The problem:
Could you copy exactly the lines below from the one with "Two Bedroom Suite" to the one with "حضور دختران در راهپیمایی 22 بهمن / عکس", inclusive, leaving out any pictures?

Given records:
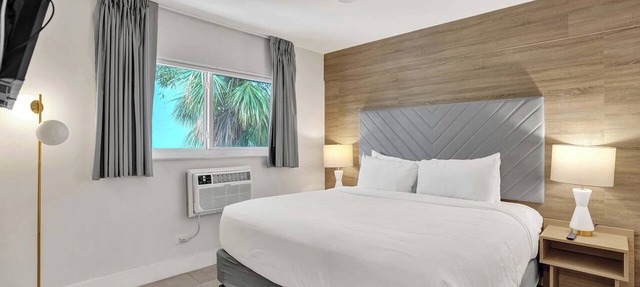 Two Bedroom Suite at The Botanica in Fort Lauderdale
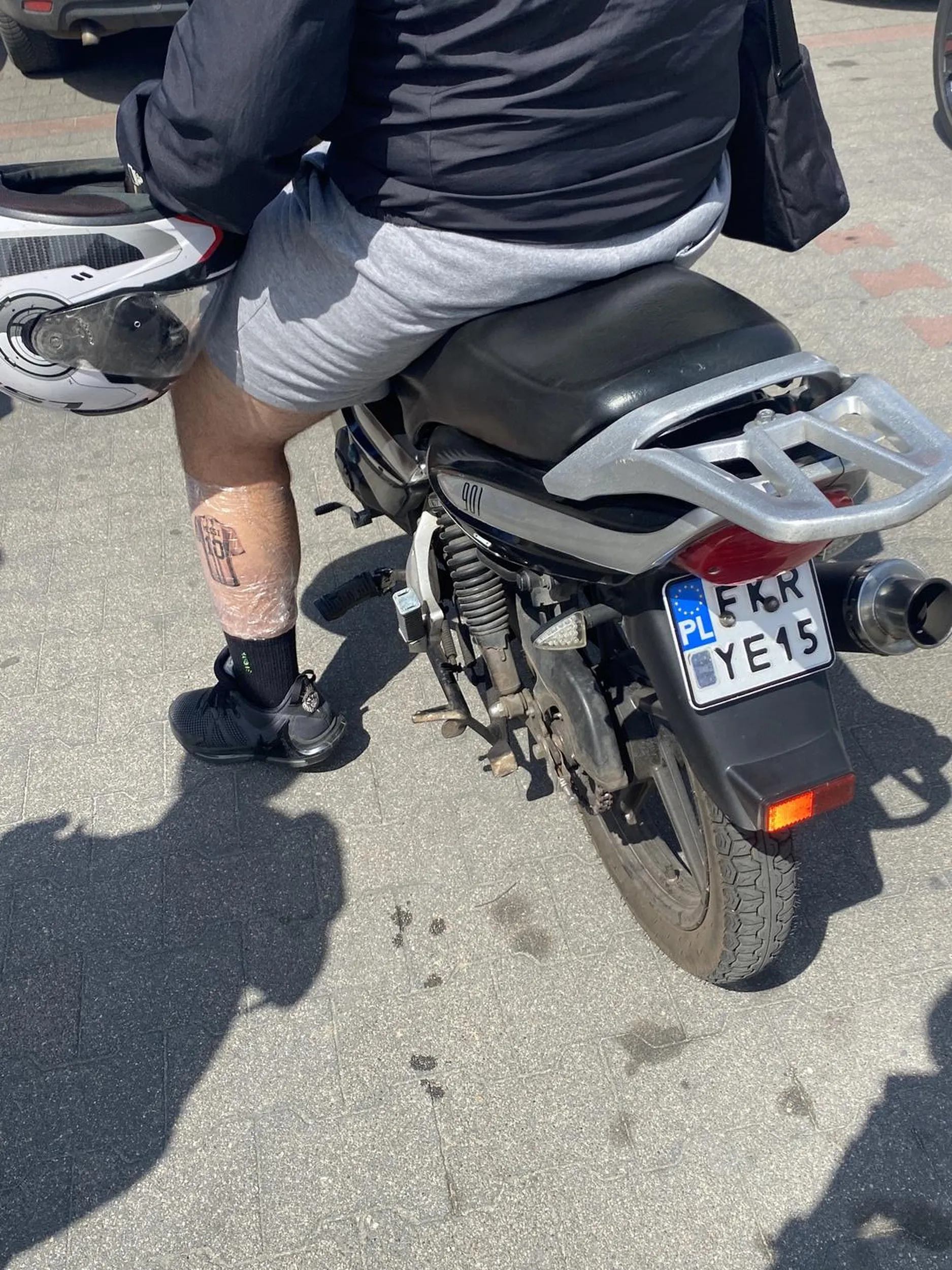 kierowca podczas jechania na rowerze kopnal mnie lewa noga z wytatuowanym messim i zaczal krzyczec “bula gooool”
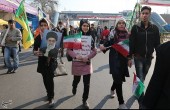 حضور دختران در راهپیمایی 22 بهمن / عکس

--

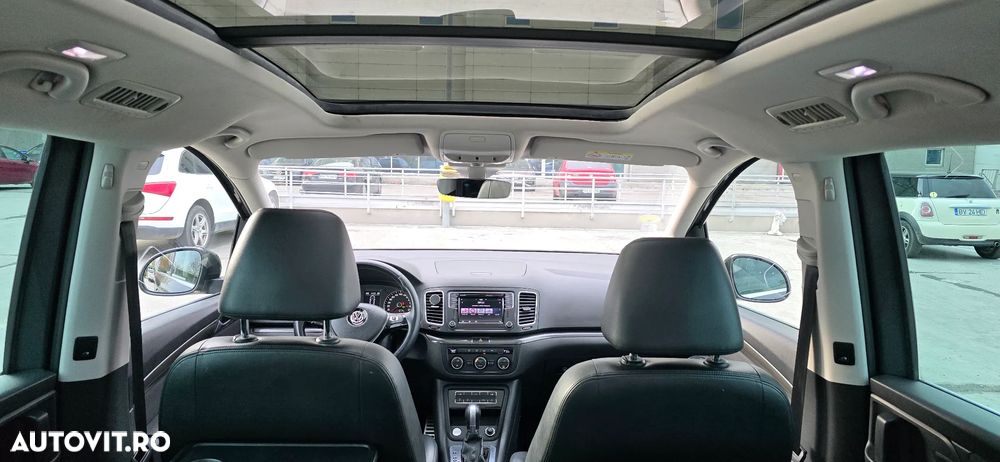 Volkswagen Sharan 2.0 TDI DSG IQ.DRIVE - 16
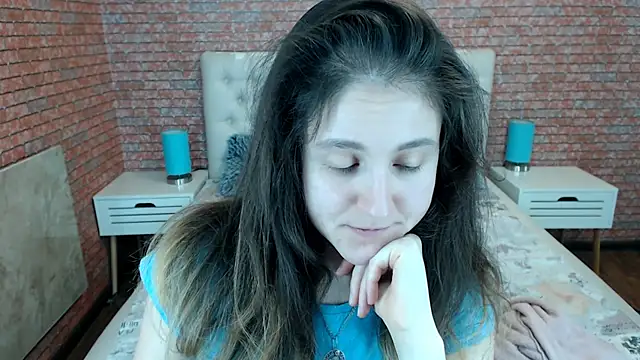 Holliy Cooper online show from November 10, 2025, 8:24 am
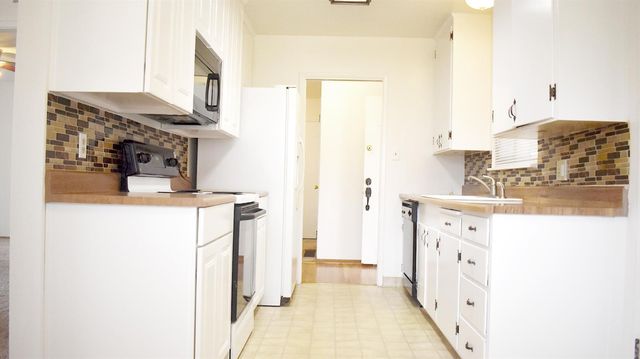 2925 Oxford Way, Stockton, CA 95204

Written answer:
 Two Bedroom Suite at The Botanica in Fort Lauderdale
 kierowca podczas jechania na rowerze kopnal mnie lewa noga z wytatuowanym messim i zaczal krzyczec “bula gooool”
 حضور دختران در راهپیمایی 22 بهمن / عکس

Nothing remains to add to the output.